■ Work request: All of the records shown below need to be copied with no differences.

Crawled caption data
::::

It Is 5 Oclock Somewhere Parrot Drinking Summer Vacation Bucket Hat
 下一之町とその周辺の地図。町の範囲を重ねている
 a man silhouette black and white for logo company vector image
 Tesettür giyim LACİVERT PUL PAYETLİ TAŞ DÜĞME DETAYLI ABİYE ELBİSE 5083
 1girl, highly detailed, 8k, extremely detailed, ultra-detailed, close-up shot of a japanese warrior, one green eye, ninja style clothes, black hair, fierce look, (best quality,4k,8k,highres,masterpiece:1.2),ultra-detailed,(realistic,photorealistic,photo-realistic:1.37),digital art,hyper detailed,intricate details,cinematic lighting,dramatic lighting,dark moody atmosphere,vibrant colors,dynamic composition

::::

■ Solution to this task:
It Is 5 Oclock Somewhere Parrot Drinking Summer Vacation Bucket Hat
 下一之町とその周辺の地図。町の範囲を重ねている
 a man silhouette black and white for logo company vector image
 Tesettür giyim LACİVERT PUL PAYETLİ TAŞ DÜĞME DETAYLI ABİYE ELBİSE 5083
 1girl, highly detailed, 8k, extremely detailed, ultra-detailed, close-up shot of a japanese warrior, one green eye, ninja style clothes, black hair, fierce look, (best quality,4k,8k,highres,masterpiece:1.2),ultra-detailed,(realistic,photorealistic,photo-realistic:1.37),digital art,hyper detailed,intricate details,cinematic lighting,dramatic lighting,dark moody atmosphere,vibrant colors,dynamic composition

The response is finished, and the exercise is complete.